本記事では、「アリシアが、セバスチャン邸のワイン貯蔵庫の鍵を盗み取るシーン」を分析します。
わずか1分弱ながら、多くの鑑賞者の記憶に残る名シーンです。
<キャラのご紹介>
・アリシア:若い女性。アメリカ政府の情報機関の女スパイ。
・セバスチャン:中年男性。ナチスの残党。何やら悪だくみをしている様子。
<あらすじのご紹介>
1:アリシアがセバスチャンに接近。情報収集のために彼と結婚する。
2:アリシアの活躍により、「セバスチャン邸のワインボトルに何か秘密が隠されているらしい」と判明。
3:情報機関は、「ワイン貯蔵庫に潜入すべく、まずは鍵を盗み取るべし」とアリシアに指示を出した。アリシアは隙を伺い……そしてついに、絶好のチャンスがやってきた!
分析①
ある夜、セバスチャン邸の寝室でのこと。
アリシアがふと気づく。机の上に無造作に鍵束が置かれている。鍵束の中には……ワイン貯蔵庫の鍵もあるではないか!そしてセバスチャンはいま、隣の部屋で着替えをしている!
よし、チャンスだ!アリシアはそっと机に近づきます。
多くの鑑賞者の胸が高鳴り始めるでしょう「果たしてアリシアは、セバスチャンに気づかれずに鍵を盗み取れるのだろうか?頑張れ、アリシア!」。
分析②
アリシアが鍵束に手を伸ばした。……と次の瞬間!隣室からセバスチャンの声が聞こえてきた「パーティにはデヴリンも来るのかい?」。
何というタイミングか!鑑賞者は「うっ!」と思わず声を漏らすでしょう。
アリシアの体もビクッと震えます。
……しかし、セバスチャンは隣室からアリシアに話しかけるのみ。こちらの部屋にやってくる様子はない。どうやら彼はアリシアの思惑には気づいていない様子です。
分析③
アリシアは鍵束を手に取り、ワイン貯蔵庫の鍵を外そうとします。セバスチャンがいつ着替えを終え、こちらの部屋にやってくるとも知れない。アリシアよ、急ぐのだ!
間もなく彼女は、ワイン貯蔵庫の鍵を鍵束から外すことに成功。そして素早く机から離れた。
多くの鑑賞者はホッとするでしょう「あー、よかった!」。危機は去ったのです。
分析④
間もなく、セバスチャンがこちらの部屋にやってきました。彼は笑顔を浮かべ、アリシアに近づく。
そしてアリシアの両手を握った!
この時、2人の両手がグッとアップになります。鑑賞者は直感するでしょう「アリシアのどちらかの手の中に鍵があるに違いない!」。

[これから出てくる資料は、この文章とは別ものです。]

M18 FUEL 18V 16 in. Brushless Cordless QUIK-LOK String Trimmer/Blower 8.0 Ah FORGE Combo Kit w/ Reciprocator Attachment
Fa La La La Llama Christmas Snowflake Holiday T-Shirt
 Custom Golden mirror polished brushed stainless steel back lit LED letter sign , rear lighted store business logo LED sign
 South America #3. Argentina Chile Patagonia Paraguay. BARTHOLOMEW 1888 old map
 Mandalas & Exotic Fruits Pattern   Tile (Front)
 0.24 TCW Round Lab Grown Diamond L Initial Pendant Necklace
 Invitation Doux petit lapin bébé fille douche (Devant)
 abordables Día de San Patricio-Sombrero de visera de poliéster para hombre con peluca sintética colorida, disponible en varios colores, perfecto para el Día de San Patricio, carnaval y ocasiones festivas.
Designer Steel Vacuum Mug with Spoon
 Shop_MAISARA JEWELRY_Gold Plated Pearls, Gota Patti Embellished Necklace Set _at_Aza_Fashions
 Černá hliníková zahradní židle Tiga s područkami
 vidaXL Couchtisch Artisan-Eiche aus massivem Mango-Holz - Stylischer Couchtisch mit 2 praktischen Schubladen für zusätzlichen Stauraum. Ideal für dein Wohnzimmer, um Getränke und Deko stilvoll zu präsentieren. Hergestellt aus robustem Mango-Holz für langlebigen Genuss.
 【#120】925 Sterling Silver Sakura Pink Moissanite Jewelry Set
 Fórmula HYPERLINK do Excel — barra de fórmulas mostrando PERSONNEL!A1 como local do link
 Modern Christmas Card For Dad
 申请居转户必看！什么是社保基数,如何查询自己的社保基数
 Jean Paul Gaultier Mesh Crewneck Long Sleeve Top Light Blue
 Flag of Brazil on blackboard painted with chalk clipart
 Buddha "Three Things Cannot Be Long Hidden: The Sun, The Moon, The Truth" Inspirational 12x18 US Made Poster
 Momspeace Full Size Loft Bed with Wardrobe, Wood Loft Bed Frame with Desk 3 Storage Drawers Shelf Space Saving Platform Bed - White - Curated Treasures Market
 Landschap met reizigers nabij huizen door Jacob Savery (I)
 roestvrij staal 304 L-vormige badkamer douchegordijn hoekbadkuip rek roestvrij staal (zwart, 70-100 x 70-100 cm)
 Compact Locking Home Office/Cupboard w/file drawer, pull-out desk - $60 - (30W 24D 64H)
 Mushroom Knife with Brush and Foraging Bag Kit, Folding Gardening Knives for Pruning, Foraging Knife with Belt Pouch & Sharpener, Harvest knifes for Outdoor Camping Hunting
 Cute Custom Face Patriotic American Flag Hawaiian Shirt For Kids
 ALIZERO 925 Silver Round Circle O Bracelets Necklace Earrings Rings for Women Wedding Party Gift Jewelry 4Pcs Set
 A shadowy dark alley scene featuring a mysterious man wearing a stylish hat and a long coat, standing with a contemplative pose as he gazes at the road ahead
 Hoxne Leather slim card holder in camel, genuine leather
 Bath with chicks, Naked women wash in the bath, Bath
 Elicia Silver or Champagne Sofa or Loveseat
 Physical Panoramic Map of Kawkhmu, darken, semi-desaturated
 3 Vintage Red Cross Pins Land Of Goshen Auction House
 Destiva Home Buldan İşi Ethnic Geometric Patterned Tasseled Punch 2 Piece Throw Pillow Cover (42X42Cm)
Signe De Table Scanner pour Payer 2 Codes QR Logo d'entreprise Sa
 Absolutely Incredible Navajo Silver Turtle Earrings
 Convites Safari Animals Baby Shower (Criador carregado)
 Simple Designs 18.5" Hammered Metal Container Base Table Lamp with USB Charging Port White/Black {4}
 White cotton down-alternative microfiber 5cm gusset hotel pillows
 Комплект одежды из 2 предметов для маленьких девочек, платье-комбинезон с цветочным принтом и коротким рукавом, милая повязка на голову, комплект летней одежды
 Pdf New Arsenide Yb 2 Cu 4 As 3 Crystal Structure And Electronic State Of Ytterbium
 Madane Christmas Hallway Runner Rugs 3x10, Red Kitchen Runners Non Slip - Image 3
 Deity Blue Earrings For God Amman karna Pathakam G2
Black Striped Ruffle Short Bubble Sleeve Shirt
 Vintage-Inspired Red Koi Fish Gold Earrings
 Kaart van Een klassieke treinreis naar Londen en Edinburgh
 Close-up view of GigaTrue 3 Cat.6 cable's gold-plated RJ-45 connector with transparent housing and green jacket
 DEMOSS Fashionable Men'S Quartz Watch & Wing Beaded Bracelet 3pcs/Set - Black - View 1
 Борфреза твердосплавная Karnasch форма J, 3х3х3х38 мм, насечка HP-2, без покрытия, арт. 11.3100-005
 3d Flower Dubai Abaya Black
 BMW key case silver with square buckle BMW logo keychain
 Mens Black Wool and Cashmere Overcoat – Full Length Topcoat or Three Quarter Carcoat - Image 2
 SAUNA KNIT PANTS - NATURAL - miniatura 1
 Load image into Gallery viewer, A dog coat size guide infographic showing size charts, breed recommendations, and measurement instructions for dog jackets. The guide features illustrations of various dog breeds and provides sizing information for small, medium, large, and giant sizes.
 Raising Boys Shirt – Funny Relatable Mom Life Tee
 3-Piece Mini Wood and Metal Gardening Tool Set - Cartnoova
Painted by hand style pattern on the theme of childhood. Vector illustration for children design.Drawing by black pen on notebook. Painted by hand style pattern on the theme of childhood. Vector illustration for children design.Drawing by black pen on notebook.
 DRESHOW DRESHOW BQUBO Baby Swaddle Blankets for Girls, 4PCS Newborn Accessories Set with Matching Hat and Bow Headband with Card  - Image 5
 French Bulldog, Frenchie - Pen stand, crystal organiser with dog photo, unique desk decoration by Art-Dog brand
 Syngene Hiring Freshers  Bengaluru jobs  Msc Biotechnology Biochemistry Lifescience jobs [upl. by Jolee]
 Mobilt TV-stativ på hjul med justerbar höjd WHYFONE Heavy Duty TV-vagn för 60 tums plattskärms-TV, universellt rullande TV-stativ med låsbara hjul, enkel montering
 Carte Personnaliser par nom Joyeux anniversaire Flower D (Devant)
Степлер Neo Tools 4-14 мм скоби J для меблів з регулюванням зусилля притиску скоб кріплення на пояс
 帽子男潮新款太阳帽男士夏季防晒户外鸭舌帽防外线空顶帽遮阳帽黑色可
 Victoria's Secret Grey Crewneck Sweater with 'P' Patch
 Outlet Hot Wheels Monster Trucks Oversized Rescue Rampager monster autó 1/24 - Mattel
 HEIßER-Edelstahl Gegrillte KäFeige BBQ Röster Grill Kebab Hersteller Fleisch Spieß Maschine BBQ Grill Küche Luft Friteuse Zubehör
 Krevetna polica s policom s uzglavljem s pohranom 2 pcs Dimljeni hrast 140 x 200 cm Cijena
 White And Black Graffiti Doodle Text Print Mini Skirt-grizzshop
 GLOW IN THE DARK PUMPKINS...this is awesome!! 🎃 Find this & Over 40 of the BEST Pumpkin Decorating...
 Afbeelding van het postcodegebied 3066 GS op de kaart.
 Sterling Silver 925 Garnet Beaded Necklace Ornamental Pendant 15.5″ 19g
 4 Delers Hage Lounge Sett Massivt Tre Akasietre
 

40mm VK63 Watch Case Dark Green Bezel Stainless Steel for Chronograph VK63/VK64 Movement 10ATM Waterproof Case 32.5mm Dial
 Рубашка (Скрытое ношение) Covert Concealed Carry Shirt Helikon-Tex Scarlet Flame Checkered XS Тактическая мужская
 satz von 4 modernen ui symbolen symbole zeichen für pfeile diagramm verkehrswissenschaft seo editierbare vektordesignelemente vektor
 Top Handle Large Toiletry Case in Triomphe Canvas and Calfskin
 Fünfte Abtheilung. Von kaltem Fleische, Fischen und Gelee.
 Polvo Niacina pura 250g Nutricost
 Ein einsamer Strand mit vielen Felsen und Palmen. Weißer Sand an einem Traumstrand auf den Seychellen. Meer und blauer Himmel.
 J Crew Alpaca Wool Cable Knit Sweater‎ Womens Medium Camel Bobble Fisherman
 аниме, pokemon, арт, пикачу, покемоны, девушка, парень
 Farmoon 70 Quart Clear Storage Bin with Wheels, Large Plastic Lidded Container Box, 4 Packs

さて、このシーン。どうと言うことのない些細な1コマに見えますが……これ、すごいショットだと思うんですよ!だって一切説明することなく、ただ両手を映すだけで「アリシアのどちらかの手に鍵が握られている」ということが鑑賞者に伝わるんですよ!
マンガの世界でも、小説の世界でも、そして映画の世界でも、「説明するな。描写せよ」と言いますが、まさにこういうことなんでしょうねー!
では話を戻して……セバスチャンがアリシアの両手を握った。そしておそらく、アリシアのいずれかの手の中には鍵がある。
緊張感が高まります。鑑賞者はドキドキです「まずいぞ……じつにまずい!」。
分析⑤
一方、アリシア(と鑑賞者)のドキドキをよそに、セバスチャンは笑顔。彼は穏かな口調で「きみを信用しないわけじゃないが、若い男はみな敵だからね」と言う(彼はアリシアにぞっこんなのです)。
その時、カメラがアリシアの表情を捉えた。
彼女はセバスチャンの言葉を受け、口元に笑みを浮かべています……が、しかし。その目には落ち着きがない。黒目が左へ右へ、そして下へと絶えず動いている。
アリシアの緊張が伝わってきます。
間もなく、カメラが再び2人の両手に近寄った。鑑賞者は息を押し殺して画面を見つめる。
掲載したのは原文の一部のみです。